What the exercise asks:
Print the listing in its entirety and exactly, leaving out images.

Information provided:

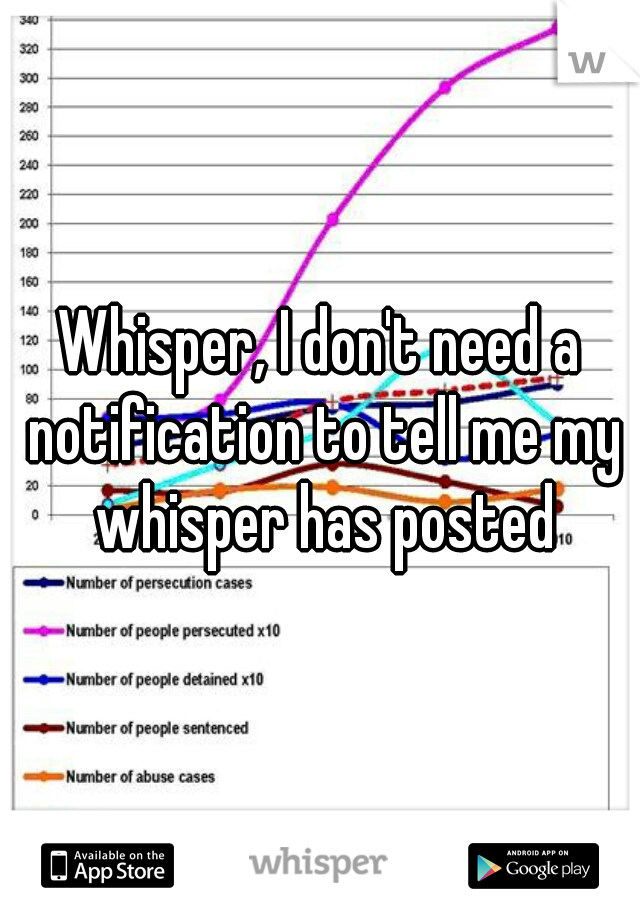 Whisper, I don't need a notification to tell me my whisper has posted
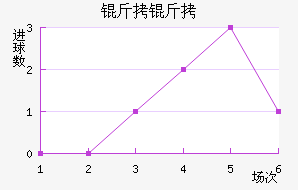 ������������������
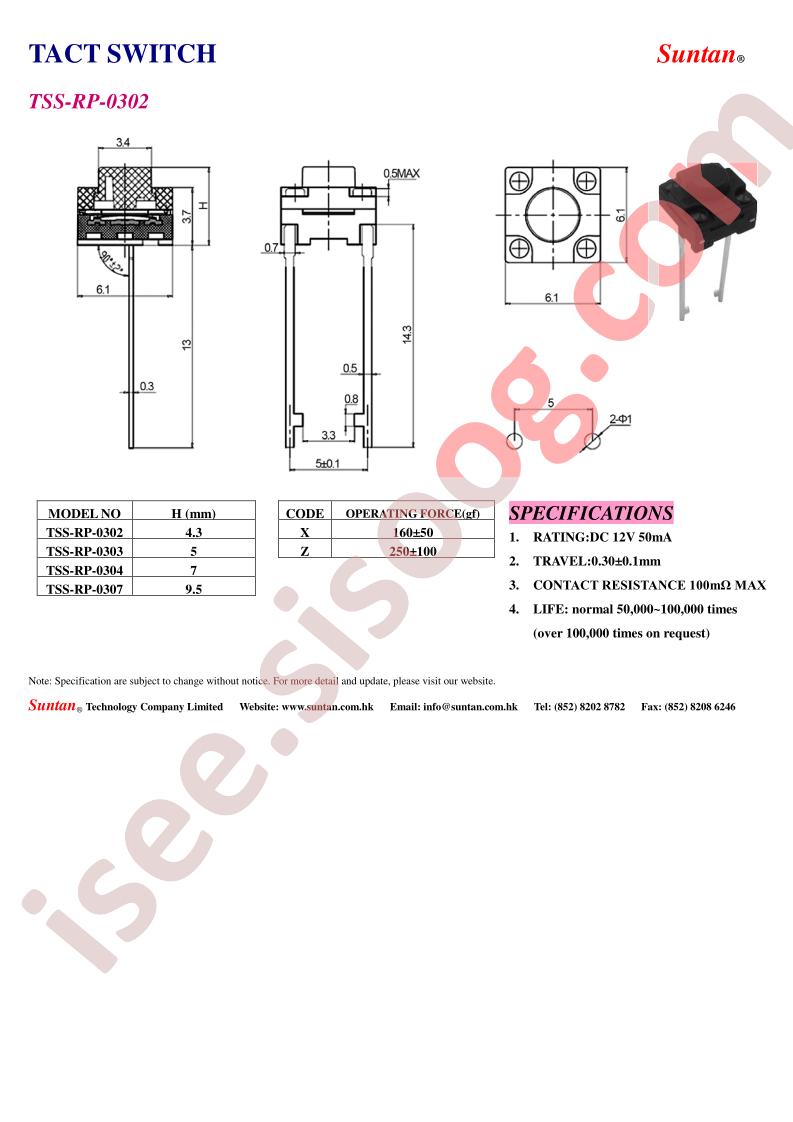 TSS-RP-0303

Written reply:
 Whisper, I don't need a notification to tell me my whisper has posted
 ������������������
 TSS-RP-0303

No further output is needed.